Here’s a list of lower-cost improvements that would boost the resale value of your home without a large investment of money.

  • Give a room a fresh coat of paint. It’s a quick and inexpensive way of improving its look. Whatever your own taste in colors, stick to a neutral palette to avoid turning off a buyer.
  • Remove any popcorn ceiling texture that survived from the ’70s. This is another job that a do-it-yourselfer can handle. Just be sure to first submit samples to a testing company to make sure the “popcorn” doesn’t contain asbestos, as it might have even after the 1978 Clean Air Act banned asbestos in ceiling treatments.
  • Replace the backsplash tile in your kitchen or regrout around the tiles in your kitchen and bathroom. This will definitely freshen things up.
  • Keep your house clean and embark on a serious dejunking campaign. Your real estate agent — and buyers — will thank you.
  • Pull out old carpeting — which can get worn-looking and stale-smelling — and install hardwood, laminate, or tile flooring that’s easier to keep clean.
  • Focus on your home’s curb appeal by planting flowers or a well-placed tree and making cosmetic improvements to the exterior of the house.

Bigger Projects

The 2018 Cost vs. Value Report for the Portland area actually does contain some larger home improvements that are calculated to give you close to or more than a 100 percent return on your investment.

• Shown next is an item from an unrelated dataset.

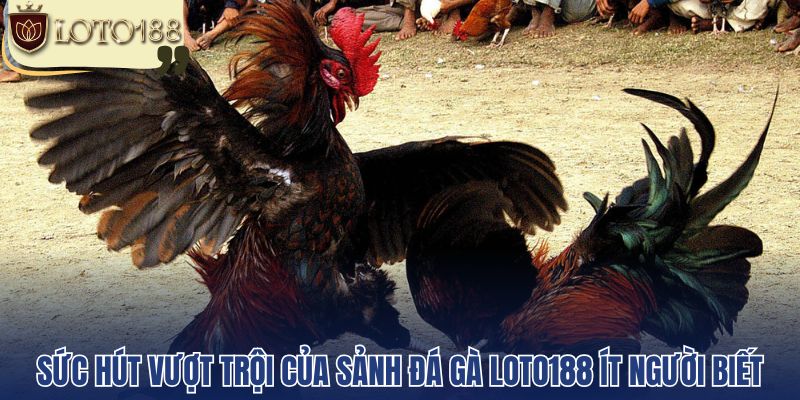 Sức hút vượt trội của sảnh đá gà Loto188 ít người biết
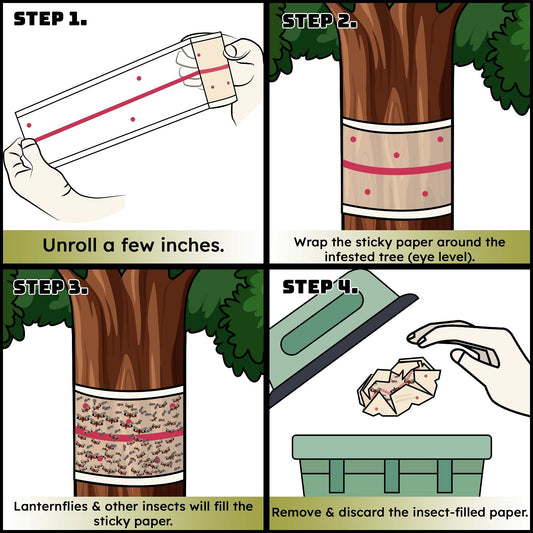 Spotted Lantern Fly Tree Trap - 4 Rolls (30 Feet Each Roll) - Lanternfly Tree Tape Creates a Sticky Barrier Protecting Trees from Harmful Insects - Non-Toxic - W4W Products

  • Upscale garage door replacement: average cost of $3,504, resale value of $4,581, for a 130.7 percent return on investment.
  • Manufactured stone veneer added to the exterior: $8,203 cost, $10,540 resale value, 128.5 percent return.
  • New siding: $15,577 cost, $15,344 resale value, 98.5 percent return.
  • Conversion of a bathroom to universal design: $17,257 cost, $16,951 resale value, 98.2 percent return.